NEW YORK The former chief financial officer for Bernard Madoff pleaded guilty Tuesday to conspiracy, admitting to helping Madoff carry out a massive fraud that cost thousands of people billions of dollars by lying to investors.

“I was loyal to him. I ended up being loyal to a terrible, terrible fault,” Frank DiPascali said as he pleaded guilty in U.S. District Court in Manhattan to charges including securities fraud, falsifying records and international money laundering.

The plea to charges that carry a potential penalty of up to 125 years in prison came with a cooperation deal that could get him leniency at sentencing.

Madoff is serving 150 years in prison for a Ponzi scheme that demolished thousands of people's life savings, wrecked charities and shook confidence in the financial system.

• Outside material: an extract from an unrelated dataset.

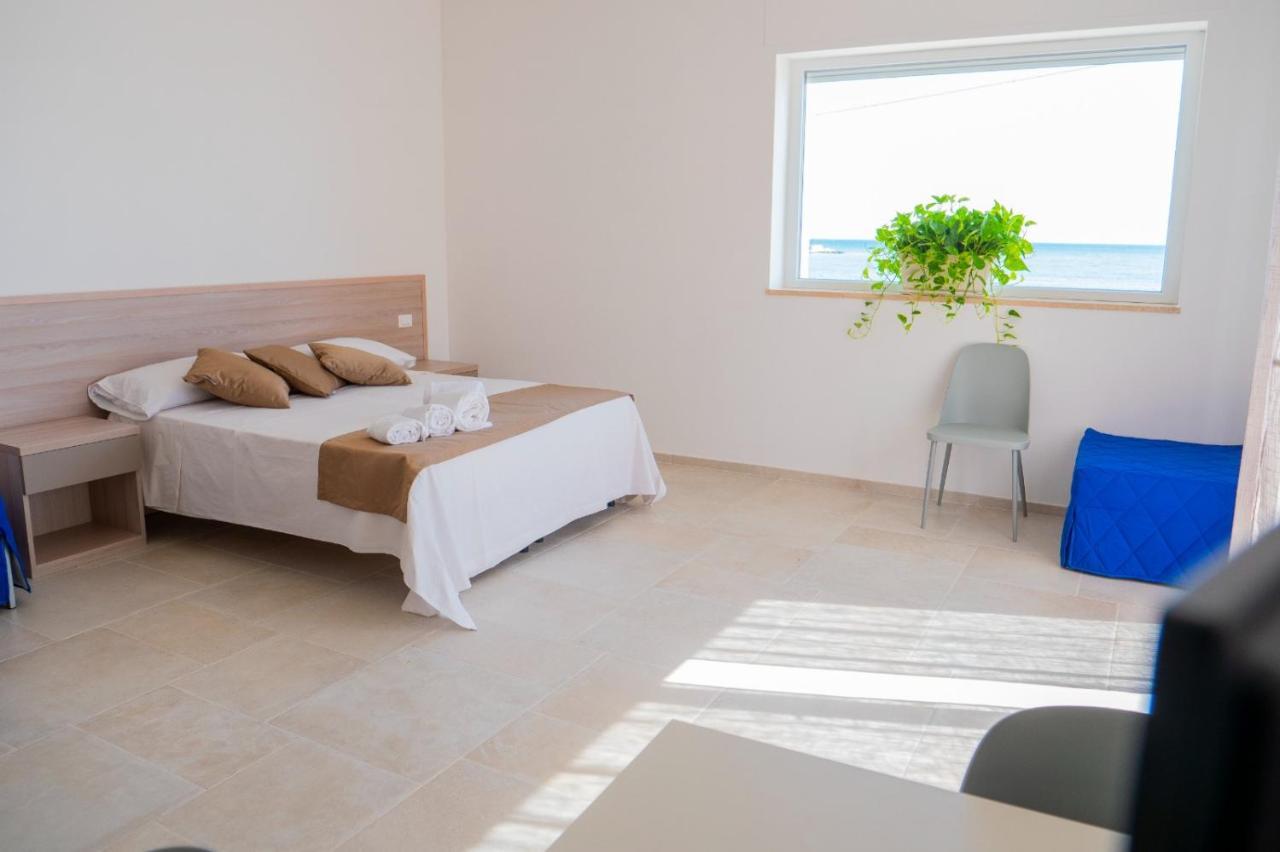 B&B A Un Passo Dal Mare Torre Canne Dış mekan fotoğraf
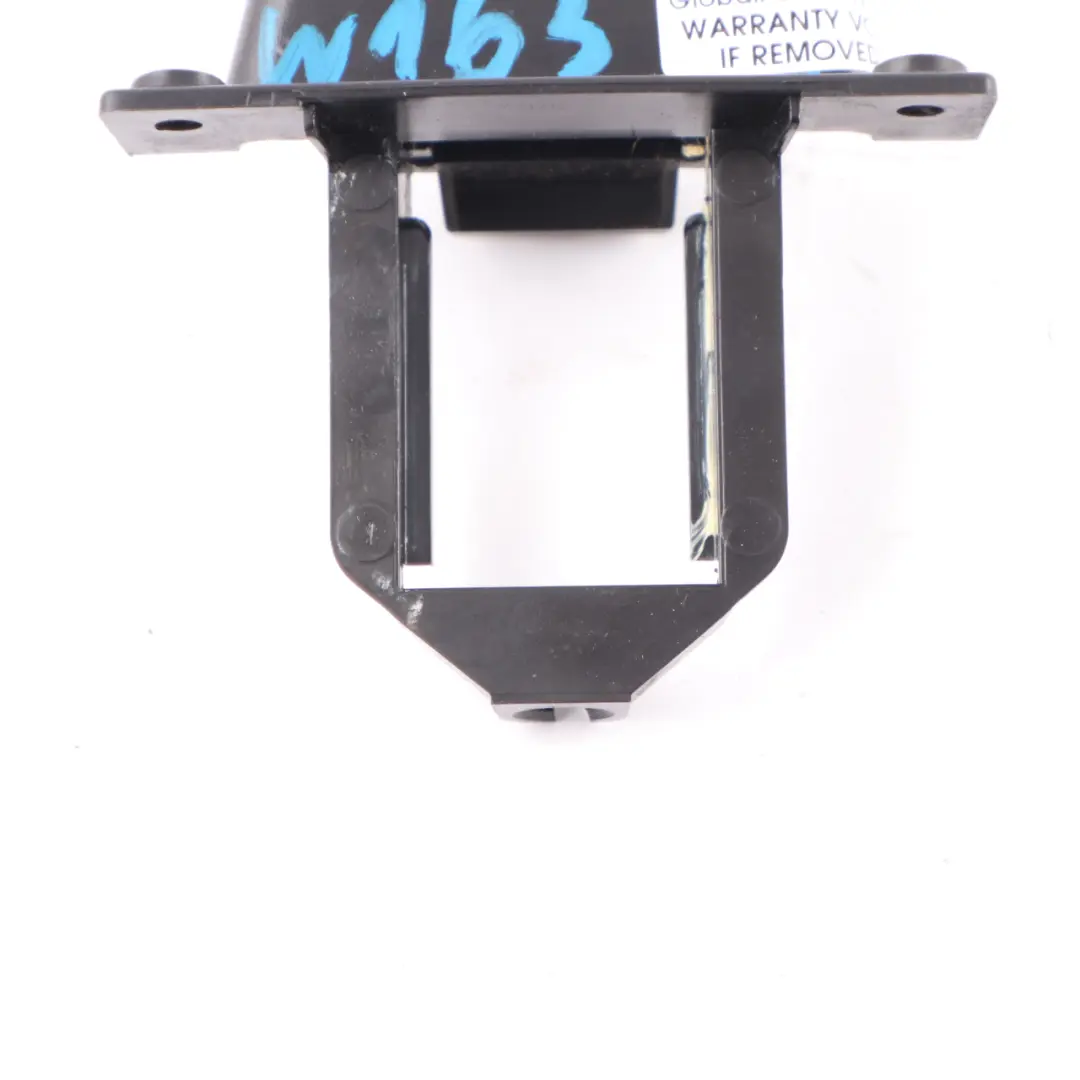 Embellecedor Montaje Manija Liberación Freno Mano para Mercedes ML W163 con número de pieza A1634200277 Mercedes ML W163 Embellecedor Montaje Manija Liberación Freno Mano - SKU A1634200277 - Número de pieza A1634200277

Customers say DiPascali, 52, was their main contact with Madoff's firm, a fact he admitted as he confessed to the 10 charges contained in a criminal information charging document.

He said he began working for Madoff in 1975, just after he finished high school, and had joined Madoff in his fraud by the 1980s or early 1990s. He said he knew then that he and Madoff were promising investors that transactions were being made that were not.

DiPascali says the transactions were “all fake. It was all fictitious. It was wrong, and I knew it was wrong at the time.”